# Why Fire Engines are Red



## Eoghan (Oct 10, 2009)

Why are Fire Engines are Red?

They have four wheels and eight men;
Four plus eight is twelve;
Twelve inches makes a ruler;
A ruler is Queen Elisabeth
Queen Elisabeth sails the seven seas;
The seven seas have fish;
The fish have fins;
The Finns hate the Russians;
Russians are red;
Fire engines are always rushin’;
So they’re red! 


Quoted in chapter 3 logical fallacies of “Exegetical Fallacies” by D.A. Carson


----------



## Megan Mozart (Oct 10, 2009)

This was the version I heard when I was a kid:

1 plus 2 is three, 
3 times 4 is 12, 
there are 12 inches in a ruler,
Queen Elizabeth was a ruler, 
Queen Elizabeth was also a boat,
boats sail on the sea,
fishes swim in the sea,
fishes have fins,
the Fins fought the Russians,
and fire engines are red because they're rushin' all over!


----------



## OPC'n (Oct 10, 2009)

lol


----------



## Skyler (Oct 10, 2009)

Umm... slippery slope?


----------



## au5t1n (Oct 10, 2009)

In all seriousness, I have seen many arguments just like that on Bible interpretation.


----------



## Skyler (Oct 10, 2009)

austinww said:


> In all seriousness, I have seen many arguments just like that on Bible interpretation.

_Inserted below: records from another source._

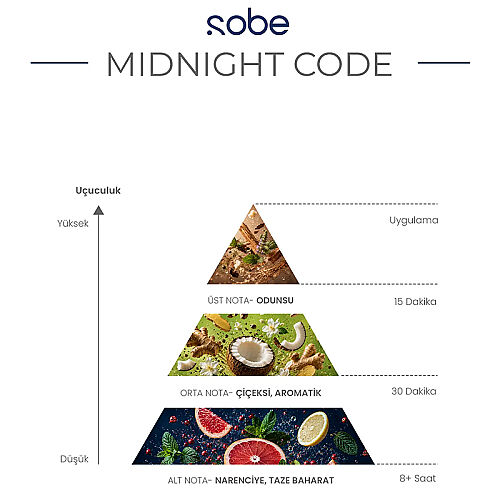 Yeşilmarka Sobe Midnight Code Perfume Mist 100 ml - 4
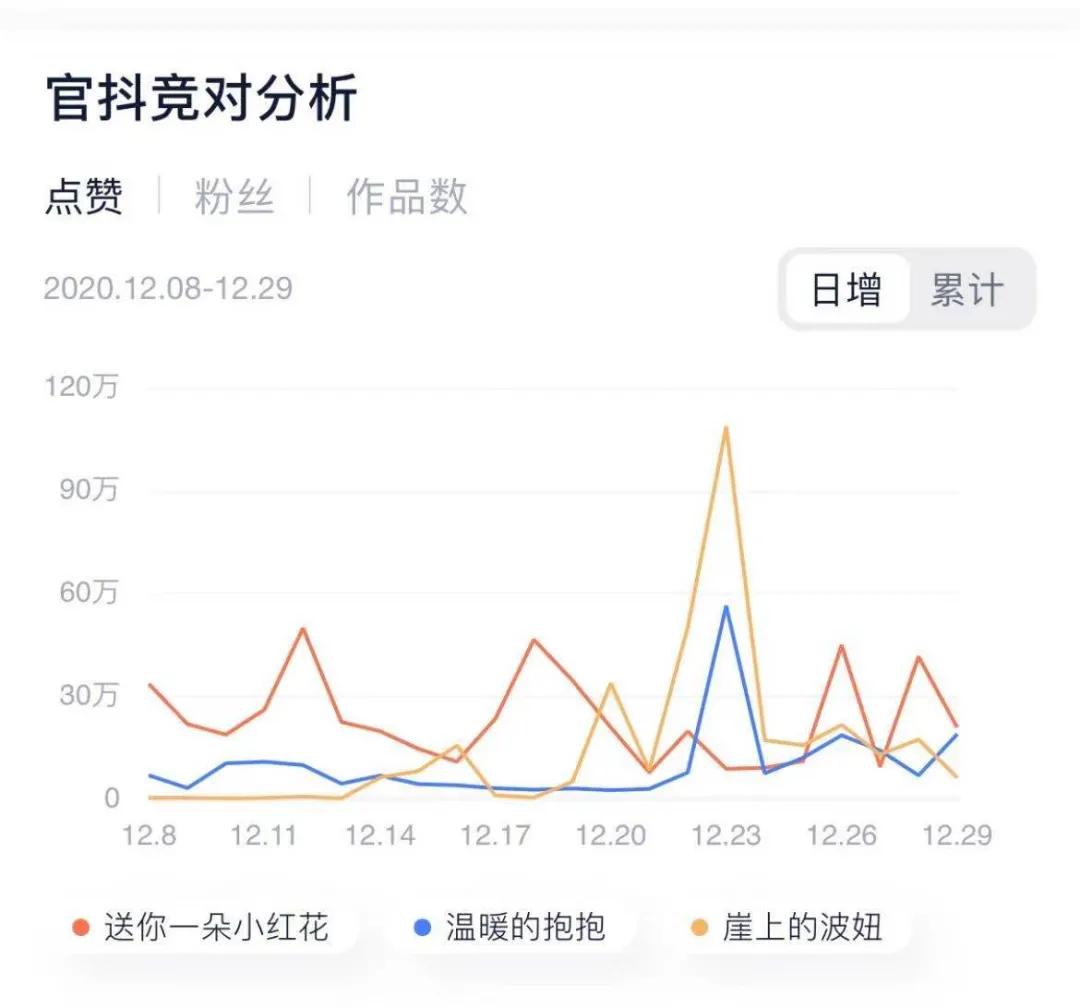 抖音已成宣发标配，但营销效果如何全面监测？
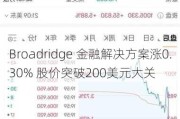 Broadridge 金融解决方案涨0.30% 股价突破200美元大关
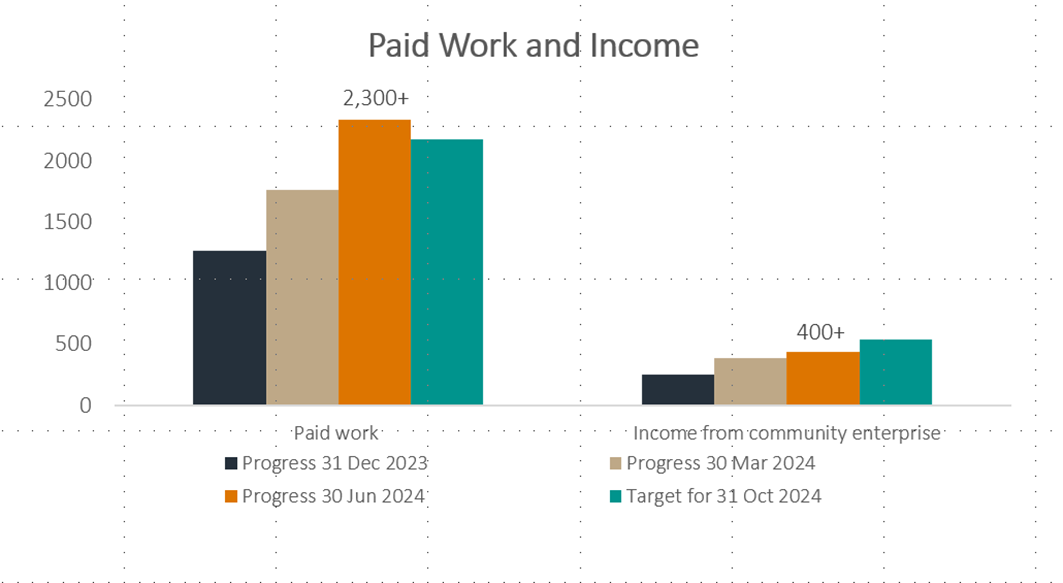 Paid Work and Income - Graph shows Progress for paid work and income have risen +2300 as progress to June 30 2024.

I came up with a similar one proving Gail Riplinger was a heretic. 

And the best part is, it sounds just like something she'd say!


----------



## Marrow Man (Oct 10, 2009)

The first part I always heard was: "Well, books are read too; two and two are four; four times three is twelve..."


----------



## jambo (Oct 10, 2009)

On the subject of fire engines, one of the things that always puzzles me is this; why are all fire engines called Dennis?


----------